■ **Exercise objective**
Please restate each line of the data below exactly. Omit all images.
BEGIN Entries provided
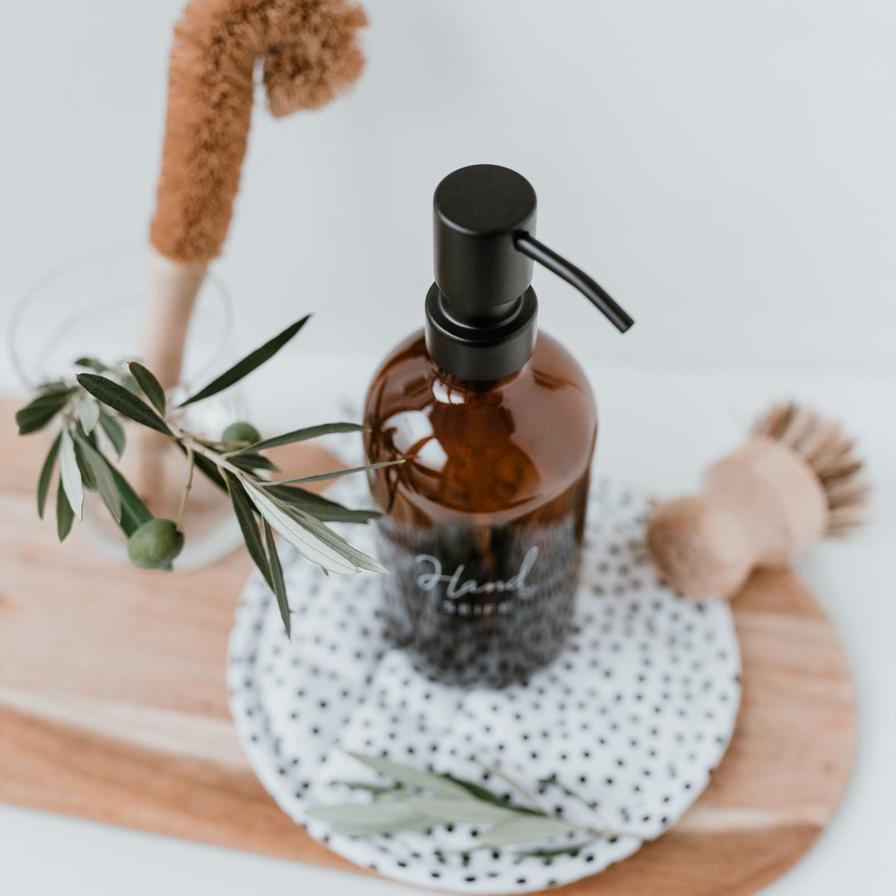 gl-008_handseife_braun_4_photocredits_maggymelzer_896x896 Seifenspender Handseife braun 250ml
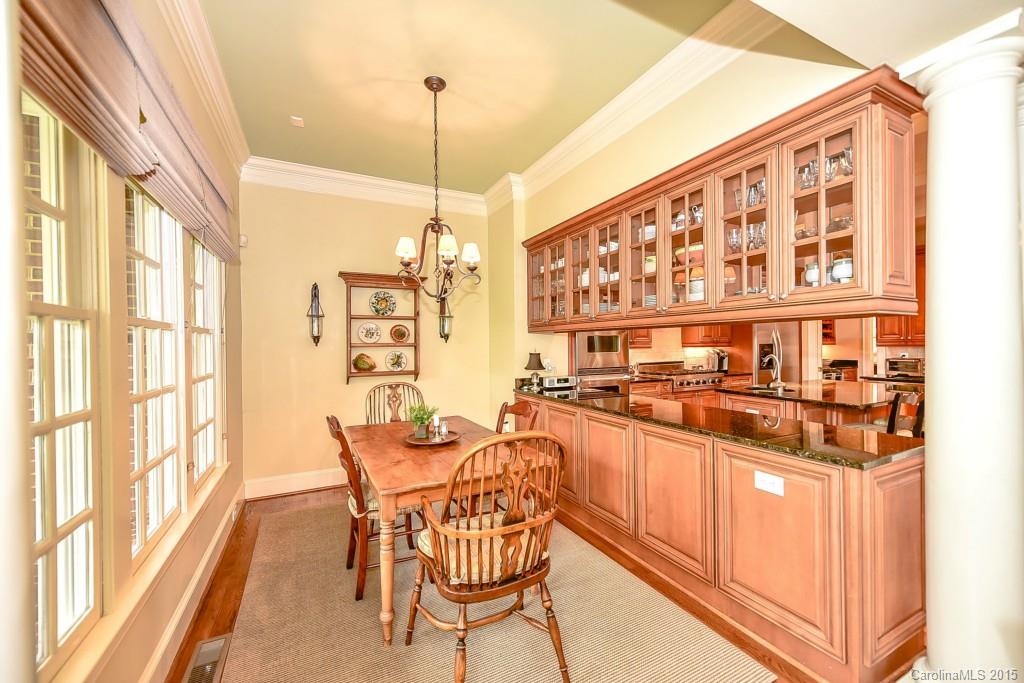 5124 Fairlawn Crescent Court Charlotte NC 28226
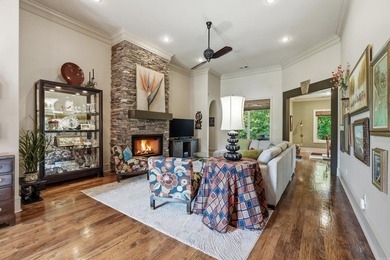 Welcome to Winthrop Point in sought-after Woodlands Edge! This - photo 7
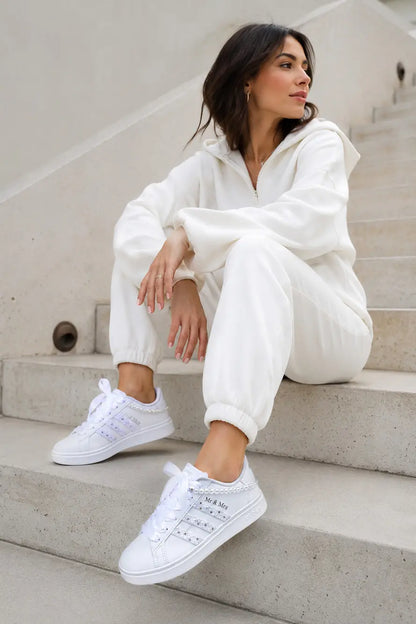 Basket personnalisée mariage femme portée avec outfit blanc élégant dans un style minimaliste et moderne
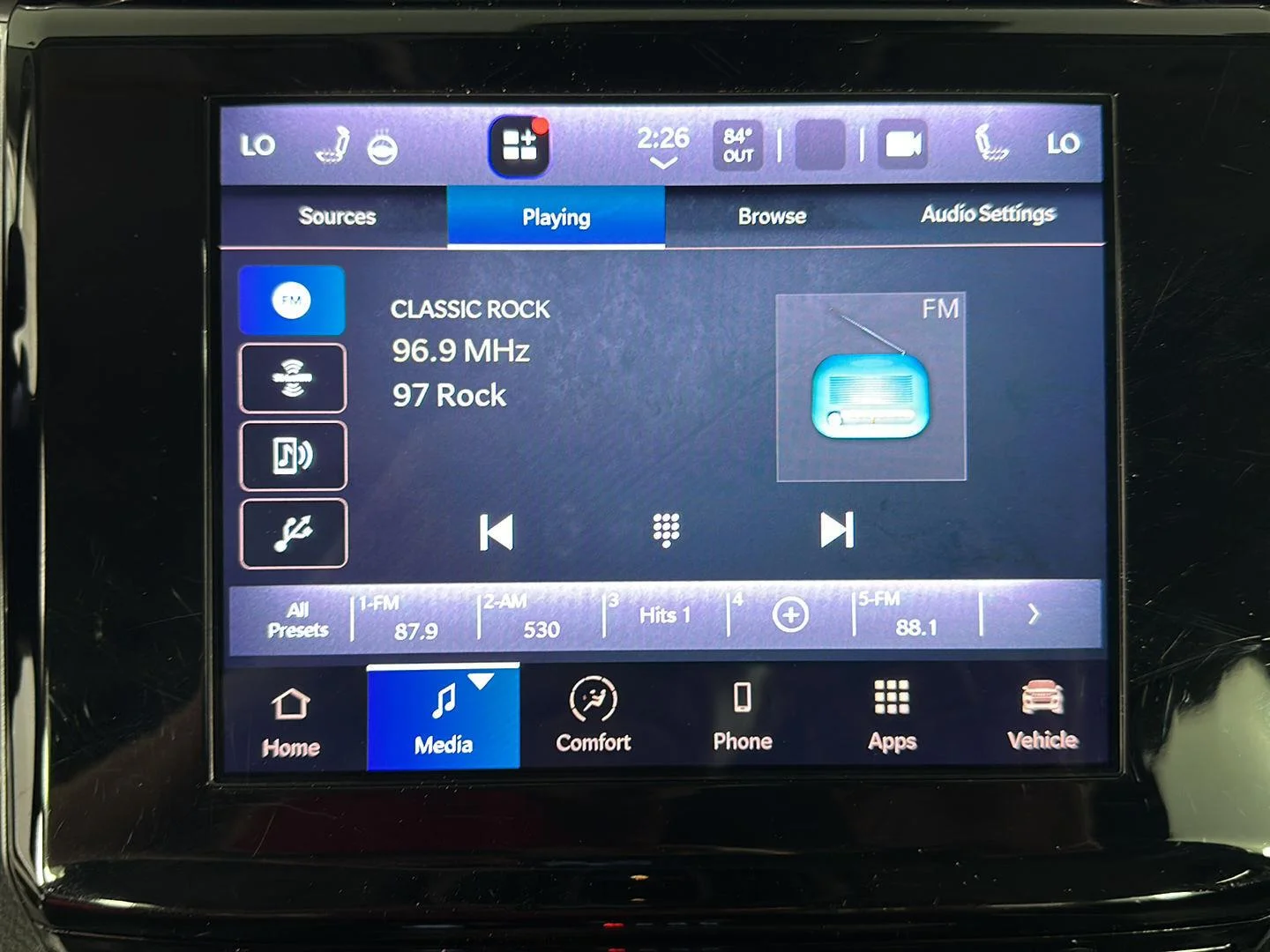 Used 2022 Baltic Gray Metallic Clearcoat Jeep Limited image 32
END Entries provided
■ **Exercise response**
 gl-008_handseife_braun_4_photocredits_maggymelzer_896x896 Seifenspender Handseife braun 250ml
 5124 Fairlawn Crescent Court Charlotte NC 28226
 Welcome to Winthrop Point in sought-after Woodlands Edge! This - photo 7
 Basket personnalisée mariage femme portée avec outfit blanc élégant dans un style minimaliste et moderne
 Used 2022 Baltic Gray Metallic Clearcoat Jeep Limited image 32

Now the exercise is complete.